Allen Ginsberg en Palenque
Por Antonio Costa Gómez.
Está bien caminar bajo la lluvia en Palenque, y ver las viejas pirámides entre la jungla, y entrar en la tumba de la Reina Roja, con el interior pintado de rojo, y asomarse al Templo de las Inscripciones, tratar de distinguir algunas en la escalinata, distinguir un pez misterioso, pensar que ahí enterraron al rey Pakal que levantó todo esto.
Y recordar que, por aquí, estuvo Allen Ginsberg, y comentó en su diario que parecía una pintura china, y le escribió a Neal Cassady que había atravesado Chiapas borracho en autobuses. Y pasear bajo la enorme variedad de árboles, e ir distinguiendo las construcciones entre la niebla, y escuchar a los monos aulladores que parecen jaguares furiosos. Y acordarse del poema “Siesta en Xibalba”, que luego publicó en el libro Sandwuiches de Realidad.
Xibalba es el inframundo de los mayas, el mundo de los Nueve Dioses de la Noche a los que convenció el rey Pakal. Está bien recordar que, tendido en la hamaca de una amiga norteamericana, sintió un contacto con la vitalidad del cosmos y con la eternidad, y se sintió a sí mismo mirando las estrellas. Y vio como una foto fija para siempre sus fiestas en Nueva York rodeado de amigos y de excéntricos, y le pareció como un apocalipsis de sintaxis imposible.
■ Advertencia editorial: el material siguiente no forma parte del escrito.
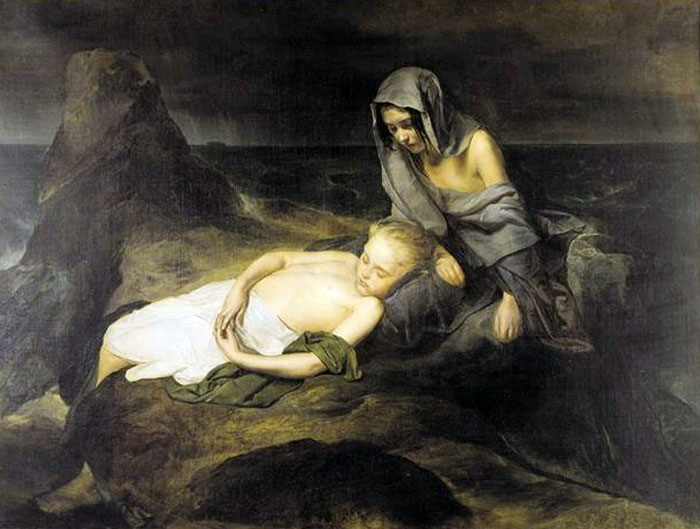 An episode of the Flood, 1844 - Domenico Induno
Y sentir cómo Allen Ginsberg que su pensamiento fino es más vago que sus sueños y caen los penachos rotos de su sensación y caen los trozos de su intelecto en la locura del olvido sobre las ruinas santas del mundo. Y mirar todo con nostalgia anticipada y voluntad de tragarse todo esto para siempre, “las capillas rotas en el verde en el sótano de un monte / y todo el limbo del Xibalba todavía desconocido”, porque el mundo a pesar de toda la arrogancia humana es desconocido y vivo e incontrolable, como le gustaba a Allen Ginsberg, como me gusta a mí.